## ASSIGNMENT
Among the entries below, please repeat exactly and only the lines from the line containing "Express Water Under" to the line containing "Cobbe 12 Inch", both lines included.

## SUPPLIED RECORDS
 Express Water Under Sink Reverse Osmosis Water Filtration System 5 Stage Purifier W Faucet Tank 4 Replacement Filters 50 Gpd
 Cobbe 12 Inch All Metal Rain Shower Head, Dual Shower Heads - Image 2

* * *

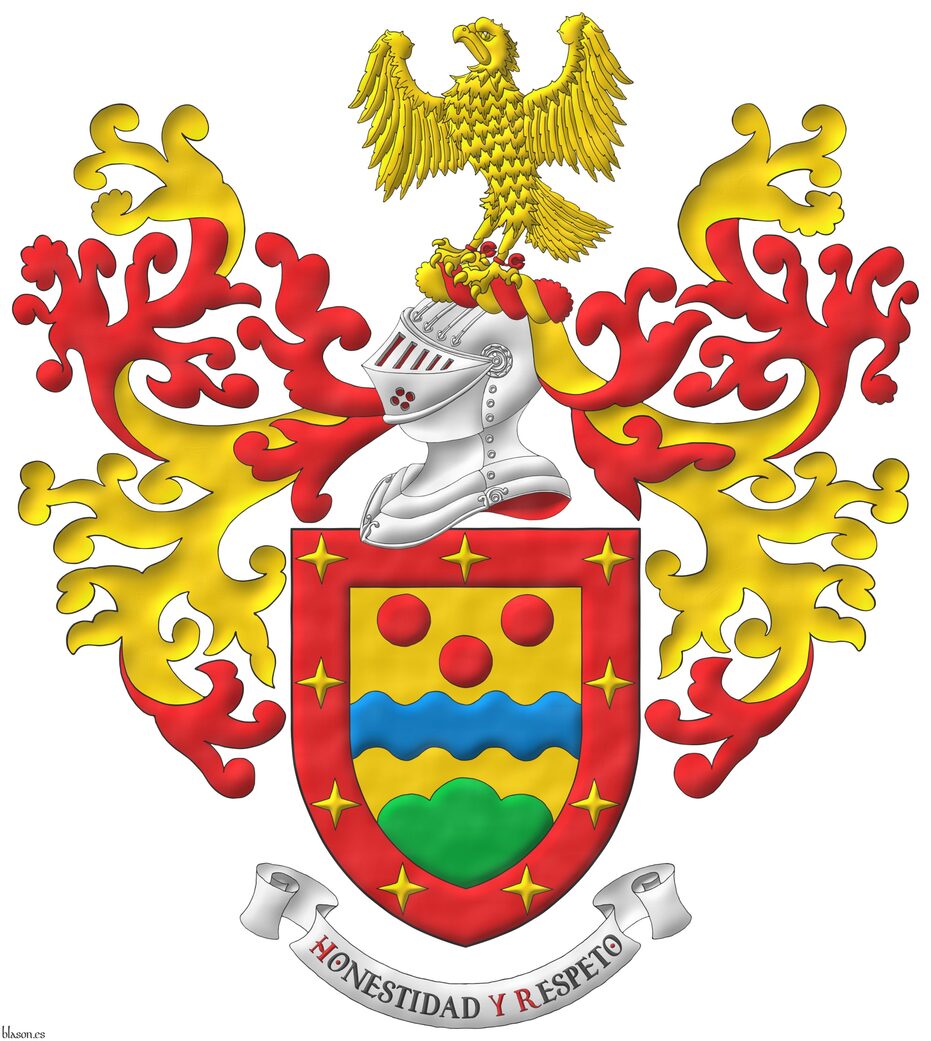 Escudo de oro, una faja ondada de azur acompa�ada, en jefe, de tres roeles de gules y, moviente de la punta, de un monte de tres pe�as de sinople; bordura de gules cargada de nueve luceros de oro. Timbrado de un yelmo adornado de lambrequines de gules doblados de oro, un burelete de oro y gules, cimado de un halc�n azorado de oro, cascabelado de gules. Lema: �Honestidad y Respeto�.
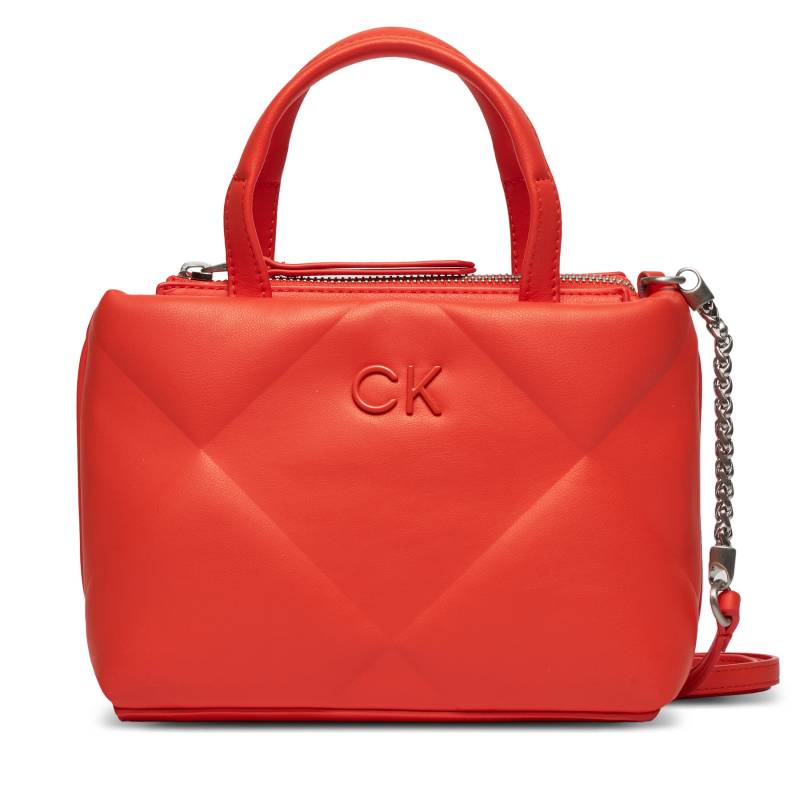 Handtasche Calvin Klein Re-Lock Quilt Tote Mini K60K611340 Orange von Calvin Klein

## TASK RESPONSE
 Express Water Under Sink Reverse Osmosis Water Filtration System 5 Stage Purifier W Faucet Tank 4 Replacement Filters 50 Gpd
 Cobbe 12 Inch All Metal Rain Shower Head, Dual Shower Heads - Image 2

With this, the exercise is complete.